====== Exercise data

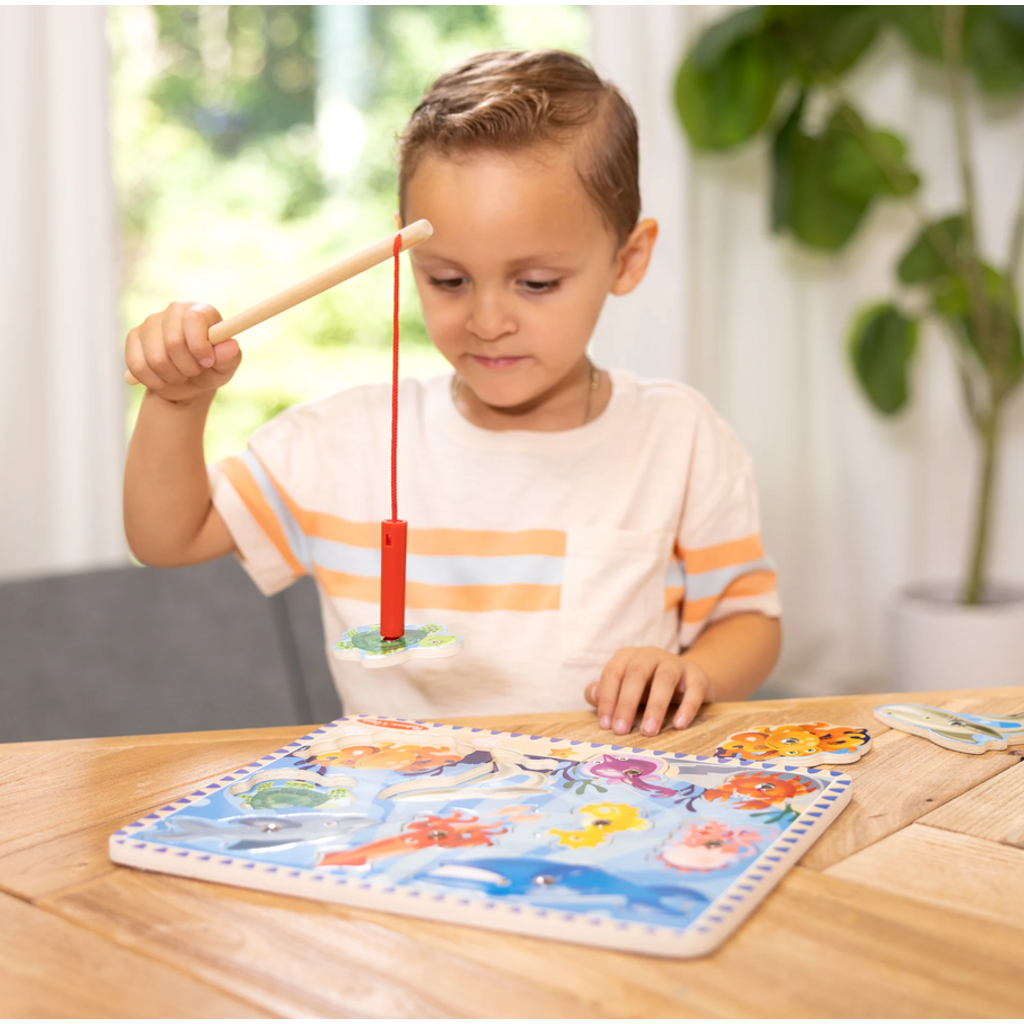 MELISSA AND DOUG FISHING MAGNETIC PUZZLE GAME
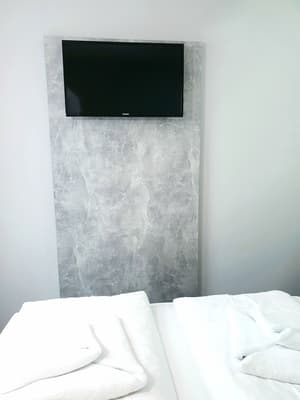 thumbnail: Room amenity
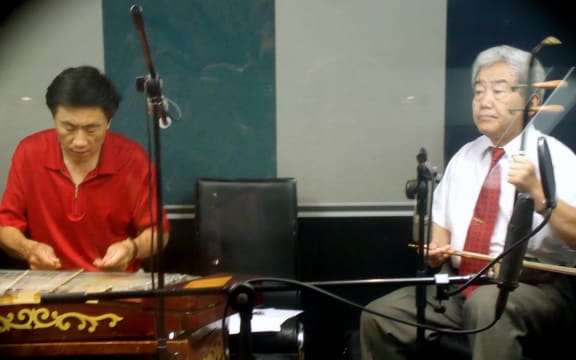Mr Yu Lin Li -  Yangqin.Mr Shiqing Wang erhu.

============

→ **Work task**: Once the pictures are removed, output the remaining material exactly.

→ **Answer to this problem**:
 MELISSA AND DOUG FISHING MAGNETIC PUZZLE GAME
 thumbnail: Room amenity
Mr Yu Lin Li -  Yangqin.Mr Shiqing Wang erhu.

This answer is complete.